**WHAT THE TASK REQUIRES**
All of the data below must be reproduced word for word, but without its images.

**DATA SUPPLIED**
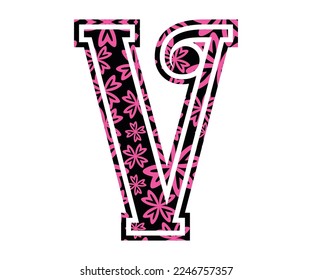 Letter V, Valentine Alphabet Monogram
Sublimation vector design file, for mug, t-shirt, vase, pillow case. etc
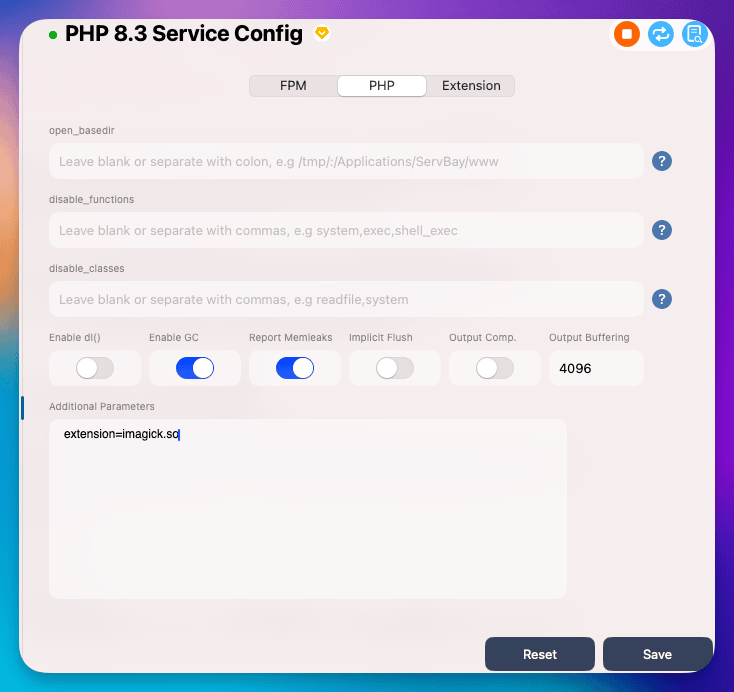 Compiler et ajouter un module PHP
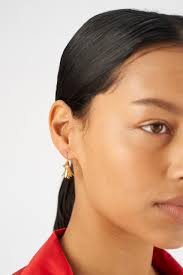 Hook earrings gold new arrivals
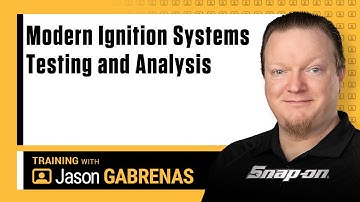 Modern Ignition Systems Testing and Analysis with Jason Gabrenas | Snap-on Diagnostics UK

**SOLUTION FOR THIS EXERCISE**
 Letter V, Valentine Alphabet Monogram
Sublimation vector design file, for mug, t-shirt, vase, pillow case. etc
 Compiler et ajouter un module PHP
 Hook earrings gold new arrivals
 Modern Ignition Systems Testing and Analysis with Jason Gabrenas | Snap-on Diagnostics UK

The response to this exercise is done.